The known issues are grouped as follows.

General Known Issues
  • Issue 2329273: No connectivity between VLANs bridged to the same segment by the same edge node.

    Bridging a segment twice on the same edge node is not supported. However, it is possible to bridge two VLANs to the same segment on two different edge nodes.

    Workaround: None 

  • Issue 2355113: Unable to install NSX Tools on RedHat and CentOS Workload VMs with accelerated networking enabled in Microsoft Azure.

    In Microsoft Azure when accelerated networking is enabled on RedHat (7.4 or later) or CentOS (7.4 or later) based OS and with NSX Agent installed, the ethernet interface does not obtain an IP address.
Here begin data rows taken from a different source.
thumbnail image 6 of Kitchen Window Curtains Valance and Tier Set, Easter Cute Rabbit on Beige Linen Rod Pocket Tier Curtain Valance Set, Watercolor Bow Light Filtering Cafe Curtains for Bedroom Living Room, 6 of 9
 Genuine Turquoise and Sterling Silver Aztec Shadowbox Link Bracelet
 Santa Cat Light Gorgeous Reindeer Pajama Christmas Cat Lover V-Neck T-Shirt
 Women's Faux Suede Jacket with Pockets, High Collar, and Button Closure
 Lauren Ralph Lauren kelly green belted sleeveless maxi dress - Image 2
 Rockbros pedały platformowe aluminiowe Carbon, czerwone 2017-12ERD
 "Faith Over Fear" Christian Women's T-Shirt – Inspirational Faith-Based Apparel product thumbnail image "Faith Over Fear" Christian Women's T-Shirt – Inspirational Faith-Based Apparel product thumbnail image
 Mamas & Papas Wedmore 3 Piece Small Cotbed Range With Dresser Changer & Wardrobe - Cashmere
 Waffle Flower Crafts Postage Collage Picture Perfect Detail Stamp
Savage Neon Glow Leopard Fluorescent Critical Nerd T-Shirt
    Workaround: After booting up RedHat or CentOS based VM in Microsoft Azure, install the latest Linux Integration Services driver available at https://www.microsoft.com/en-us/download/details.aspx?id=55106 before installing NSX tools.

  • Issue 2520803: Encoding format for Manual Route Distinguisher and Route Target configuration in EVPN deployments.

    You currently can configure manual route distinguisher in both Type-0 encoding and in Type-1 encoding. However, using the Type-1 encoding scheme for configuring Manual Route Distinguisher in EVPN deployments is highly recommended. Also, only Type-0 encoding for Manual Route Target configuration is allowed.

    Workaround: Configure only Type-1 encoding for Route Distinguisher.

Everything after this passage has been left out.